TASK INSTRUCTIONS
Your output should be exactly the lines from the one containing "Megan Phone Case" through the last line of the listing, and nothing else. Pictures stay out.

COLLECTED DATA
******************************
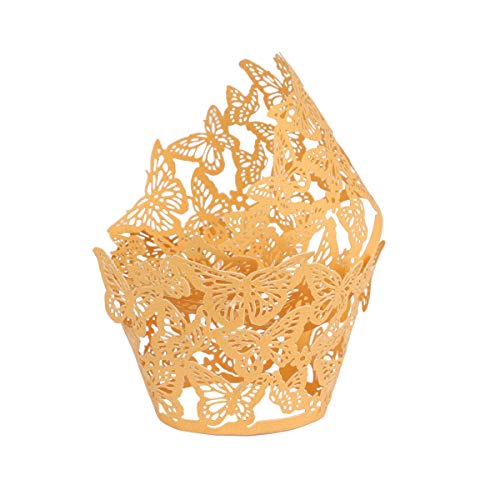 Cupcake Wrapper, Gold Cupcake Wrappers Pack of 50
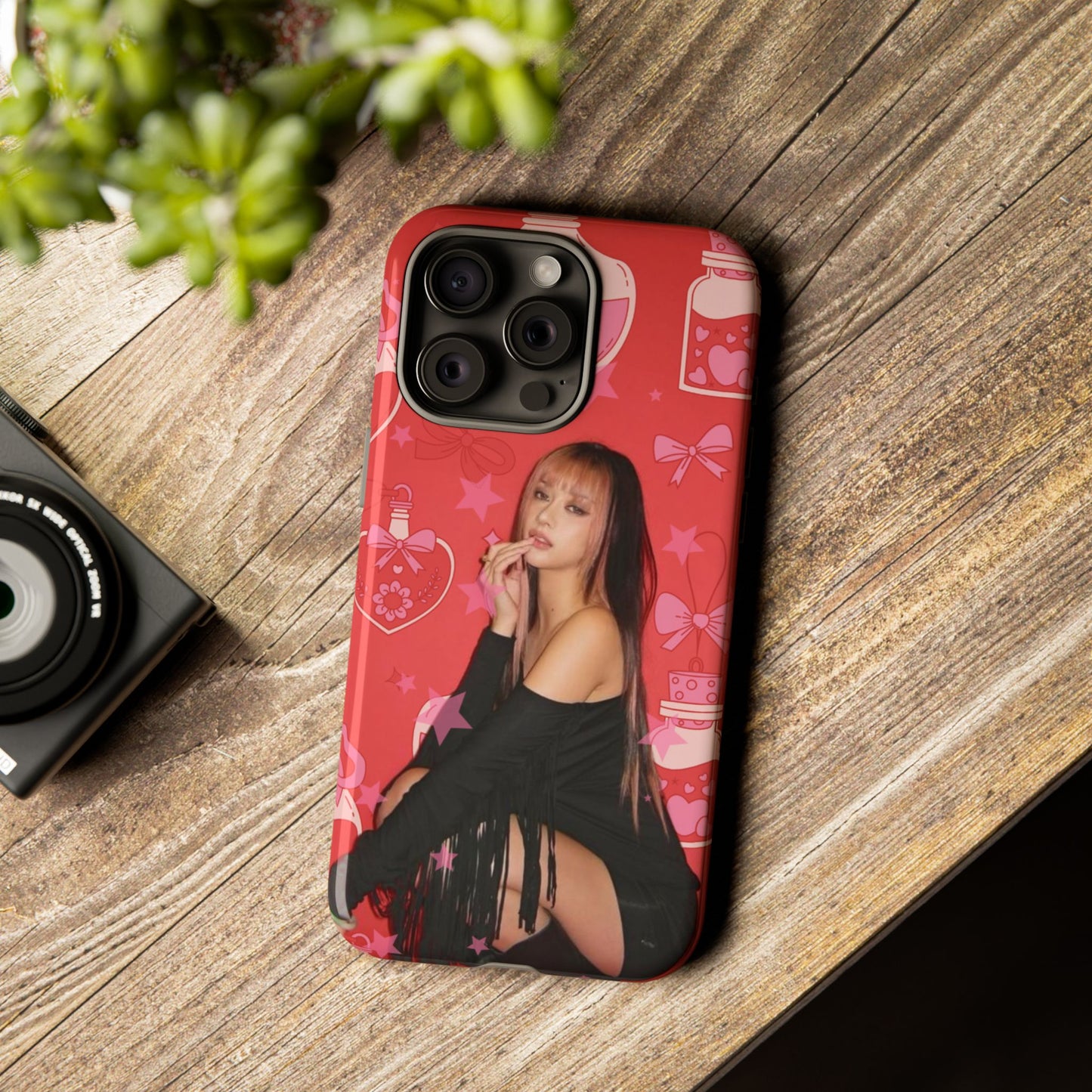 Megan Phone Case — Pink Heart & Perfume Pattern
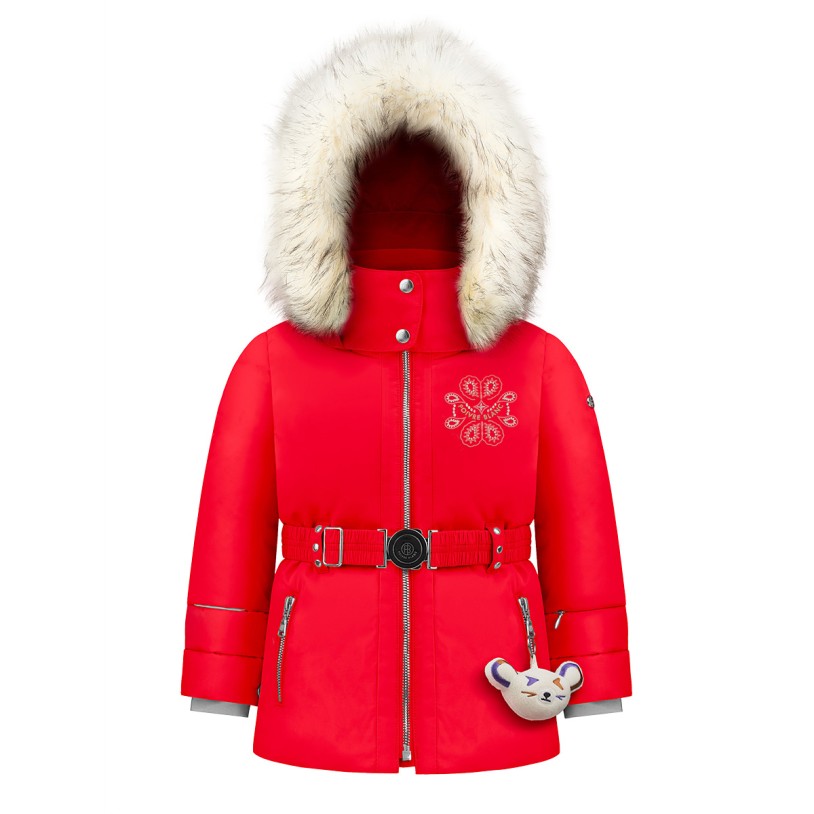 Girls synthetic down ski jacket scarlet red June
******************************
RESPONSE AREA
 Megan Phone Case — Pink Heart & Perfume Pattern
 Girls synthetic down ski jacket scarlet red June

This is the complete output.